• **Exercise goal**
Would you copy the listing below exactly, keeping the pictures out?

─── The data

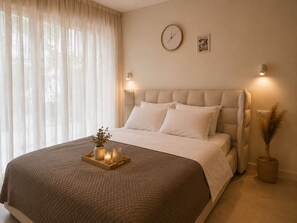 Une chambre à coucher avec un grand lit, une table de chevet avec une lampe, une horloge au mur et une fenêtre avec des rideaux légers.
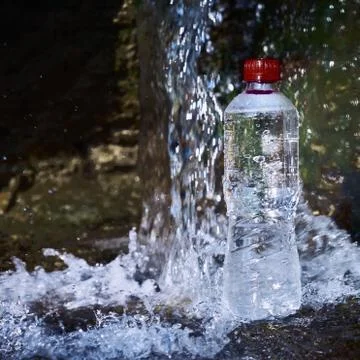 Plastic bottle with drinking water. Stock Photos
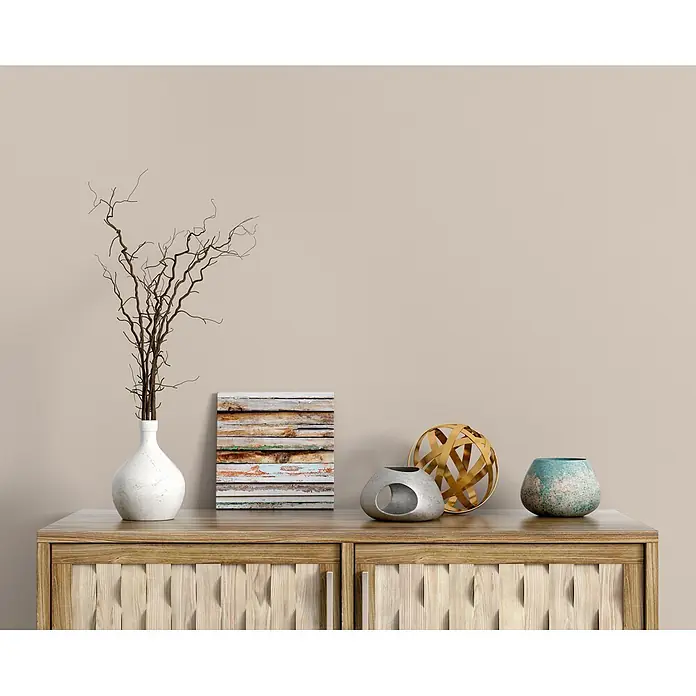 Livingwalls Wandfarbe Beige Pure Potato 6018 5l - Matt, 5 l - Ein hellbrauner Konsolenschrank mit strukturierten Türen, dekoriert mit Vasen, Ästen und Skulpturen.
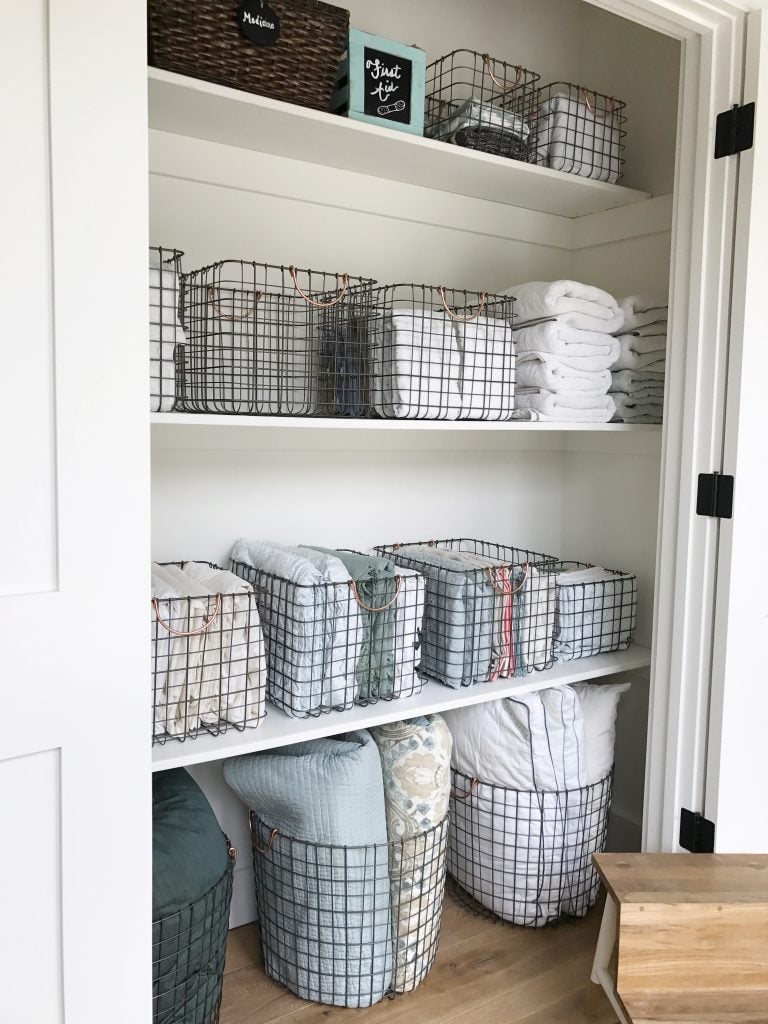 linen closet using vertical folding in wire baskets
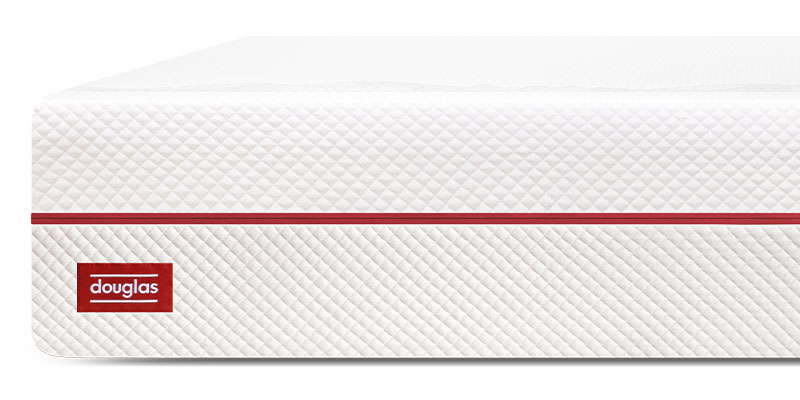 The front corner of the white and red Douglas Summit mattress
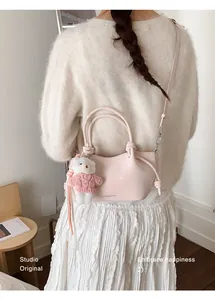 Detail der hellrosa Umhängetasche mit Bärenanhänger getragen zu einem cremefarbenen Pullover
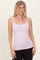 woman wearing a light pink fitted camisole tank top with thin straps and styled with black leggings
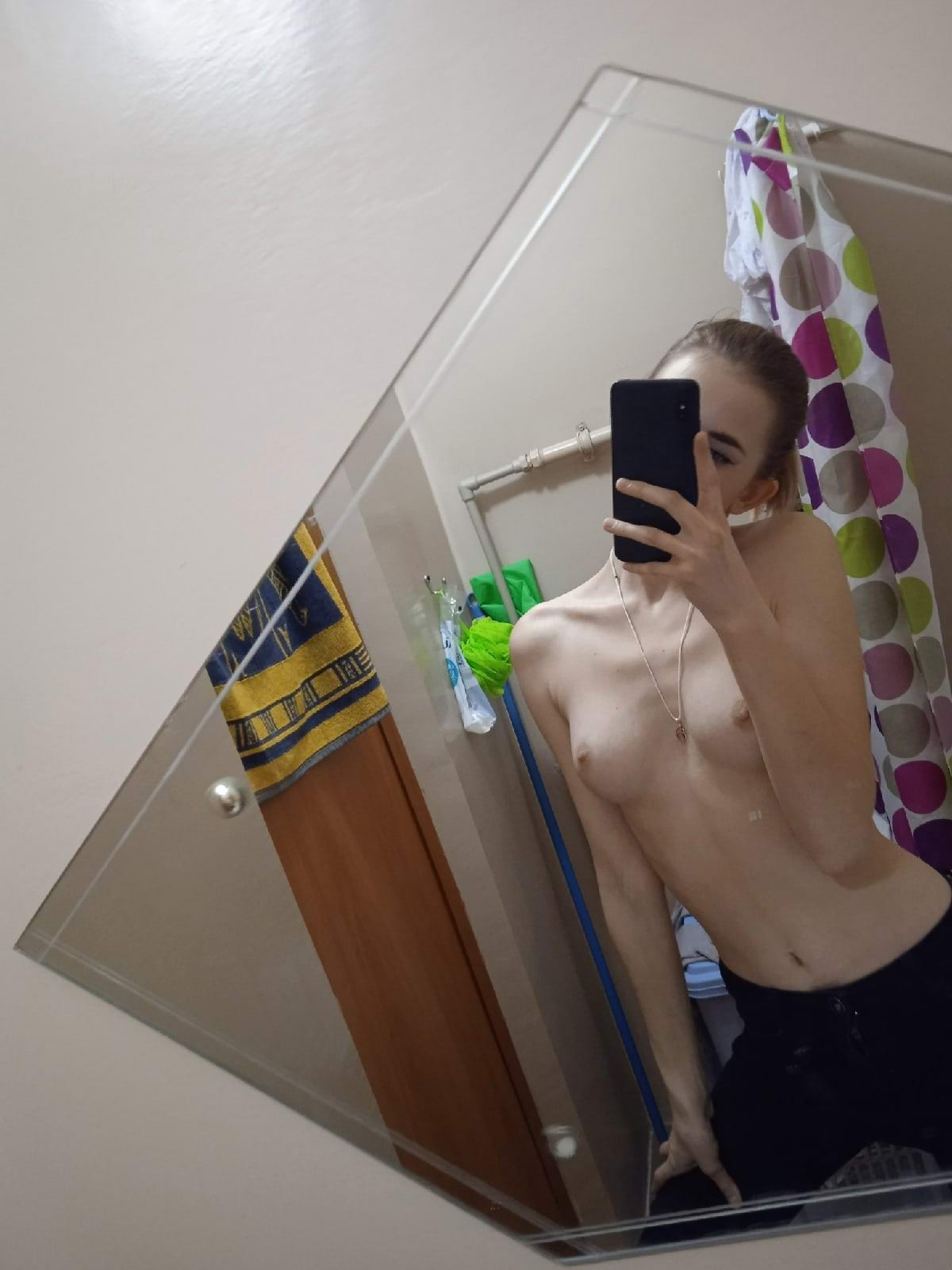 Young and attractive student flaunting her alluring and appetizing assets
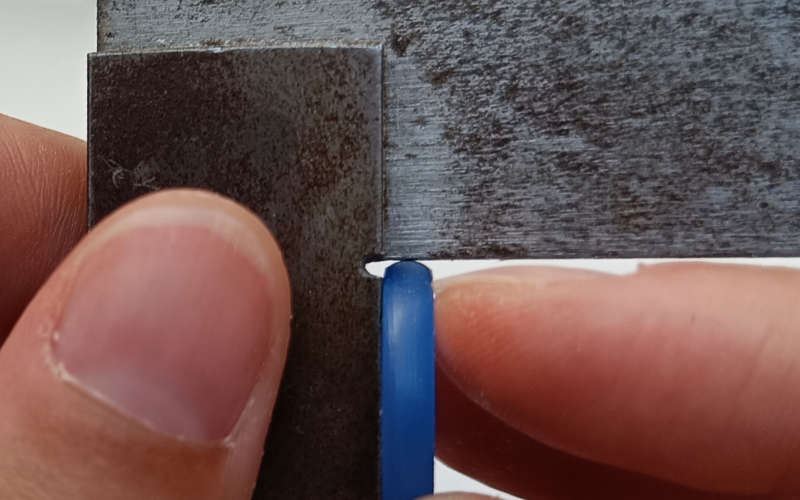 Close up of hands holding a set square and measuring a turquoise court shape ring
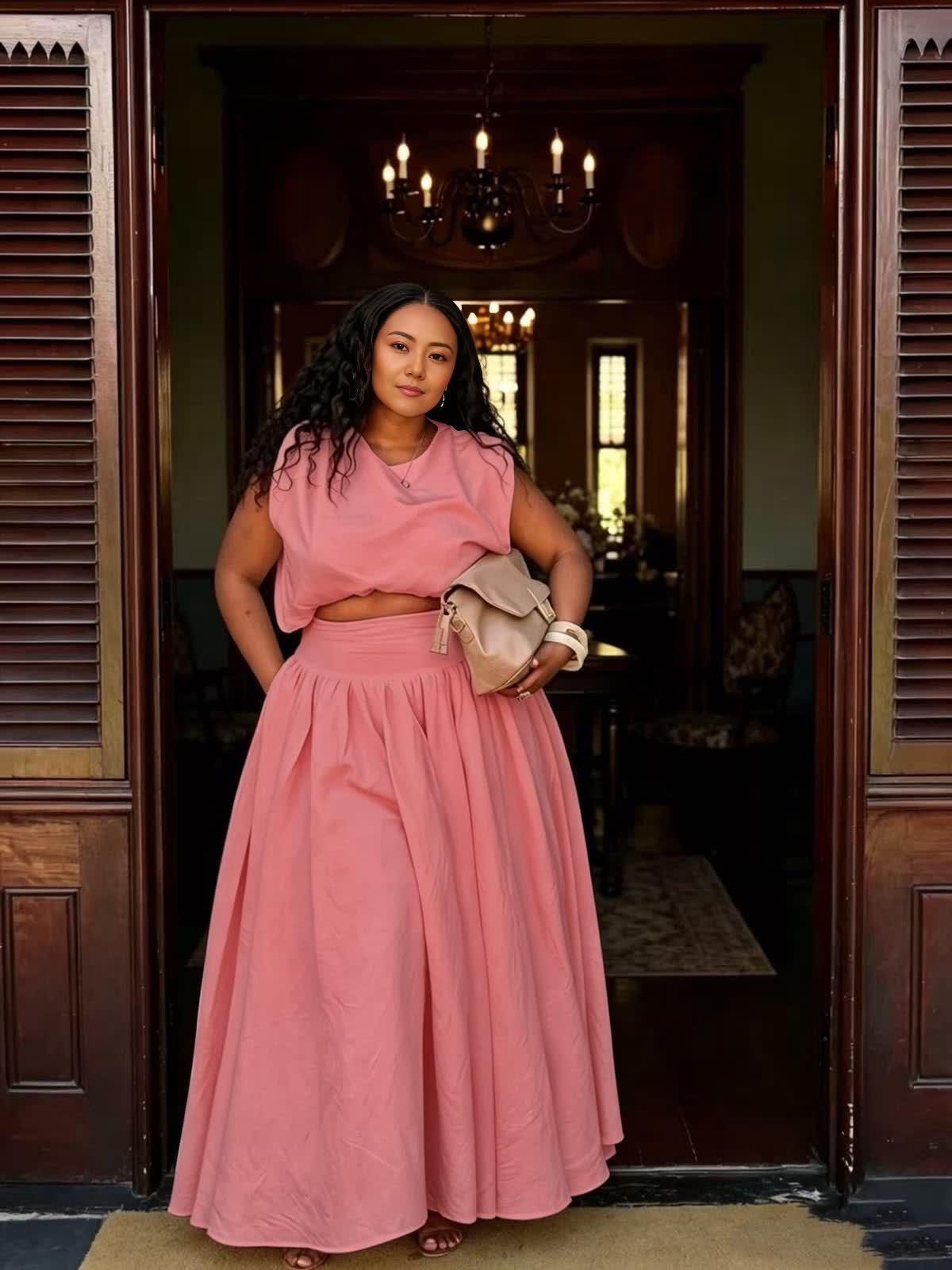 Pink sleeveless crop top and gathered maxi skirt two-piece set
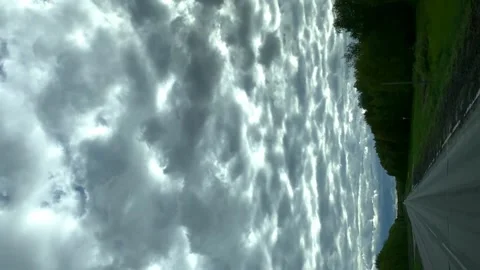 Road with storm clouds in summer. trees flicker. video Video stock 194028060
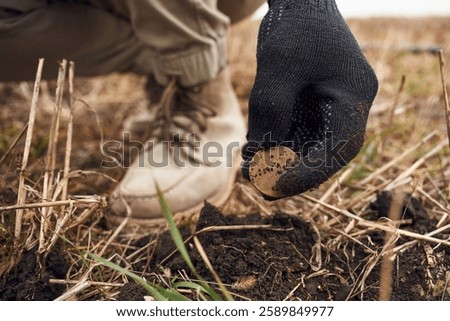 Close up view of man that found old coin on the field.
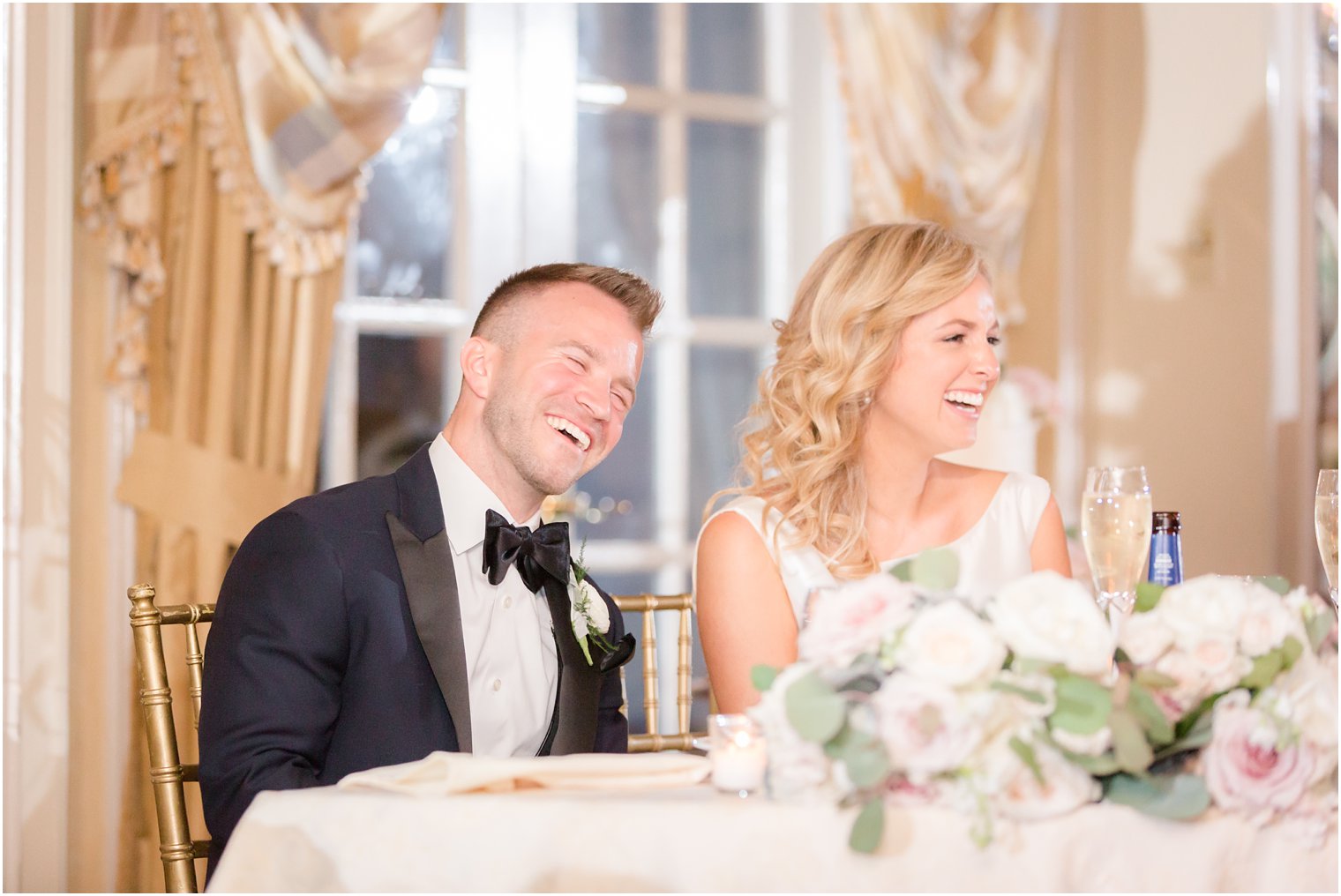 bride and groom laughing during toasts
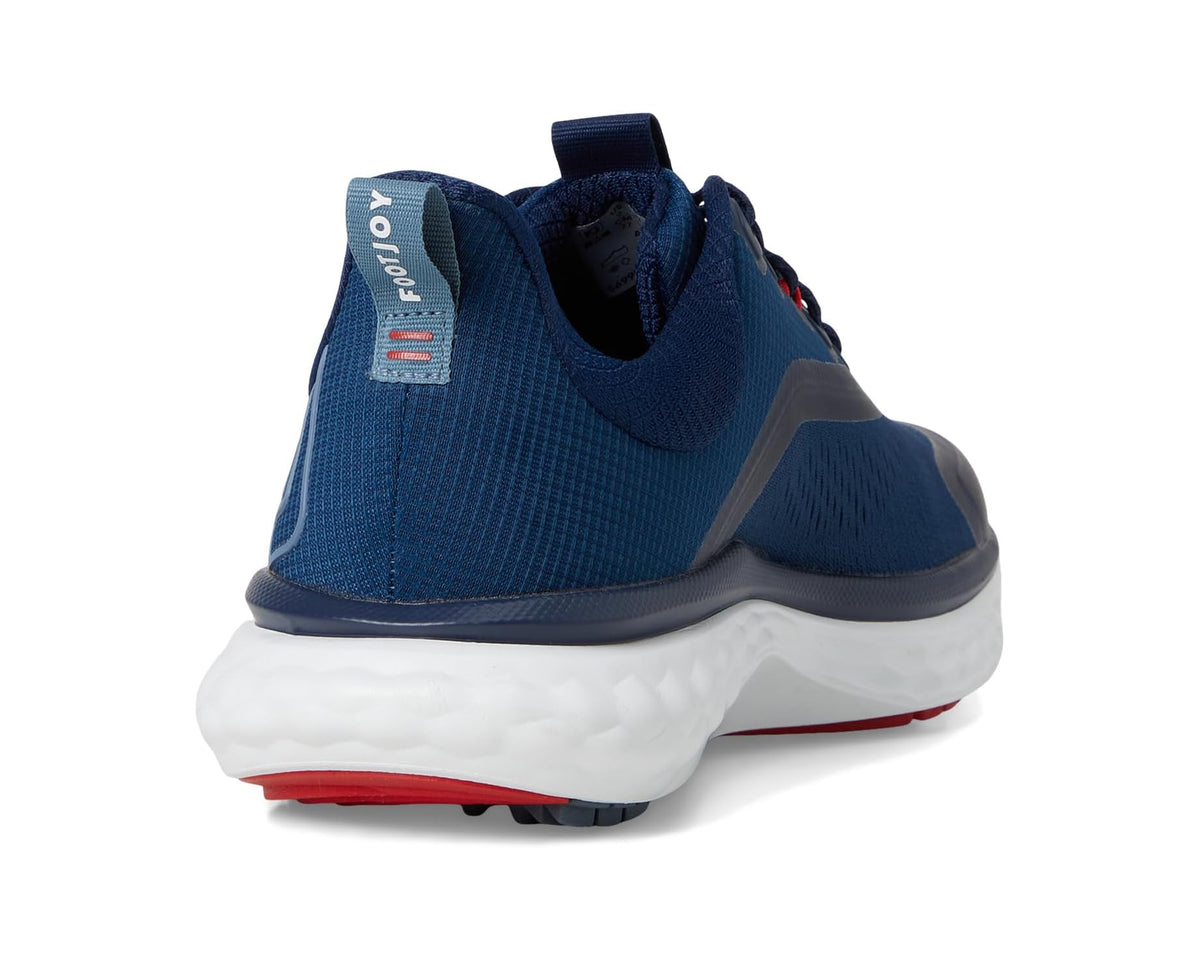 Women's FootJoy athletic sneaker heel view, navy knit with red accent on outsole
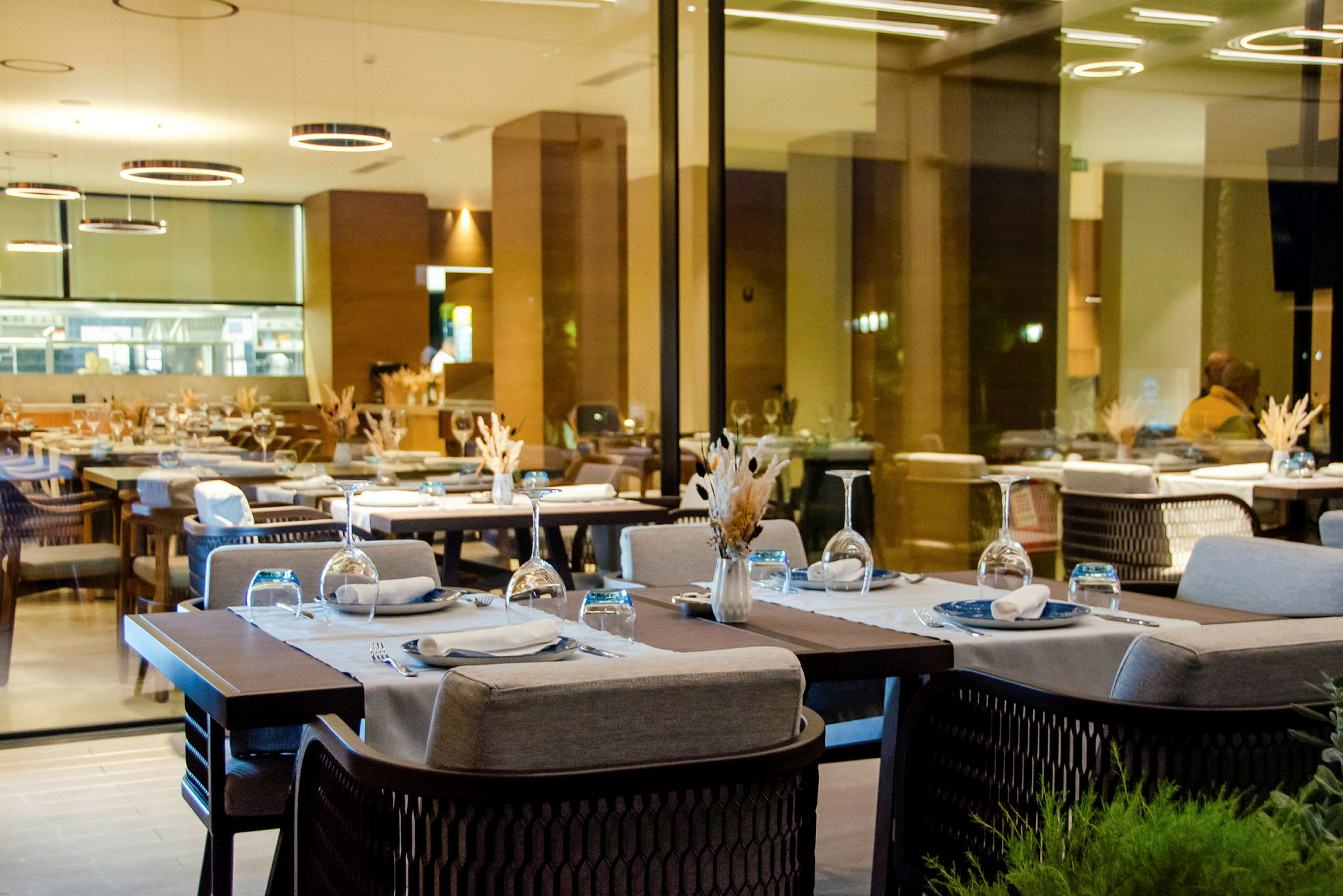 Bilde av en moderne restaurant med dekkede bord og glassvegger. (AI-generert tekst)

──────

• **Response box**
 Une chambre à coucher avec un grand lit, une table de chevet avec une lampe, une horloge au mur et une fenêtre avec des rideaux légers.
 Plastic bottle with drinking water. Stock Photos
 Livingwalls Wandfarbe Beige Pure Potato 6018 5l - Matt, 5 l - Ein hellbrauner Konsolenschrank mit strukturierten Türen, dekoriert mit Vasen, Ästen und Skulpturen.
 linen closet using vertical folding in wire baskets
 The front corner of the white and red Douglas Summit mattress
 Detail der hellrosa Umhängetasche mit Bärenanhänger getragen zu einem cremefarbenen Pullover
 woman wearing a light pink fitted camisole tank top with thin straps and styled with black leggings
 Young and attractive student flaunting her alluring and appetizing assets
 Close up of hands holding a set square and measuring a turquoise court shape ring
 Pink sleeveless crop top and gathered maxi skirt two-piece set
 Road with storm clouds in summer. trees flicker. video Video stock 194028060
 Close up view of man that found old coin on the field.
 bride and groom laughing during toasts
 Women's FootJoy athletic sneaker heel view, navy knit with red accent on outsole
 Bilde av en moderne restaurant med dekkede bord og glassvegger. (AI-generert tekst)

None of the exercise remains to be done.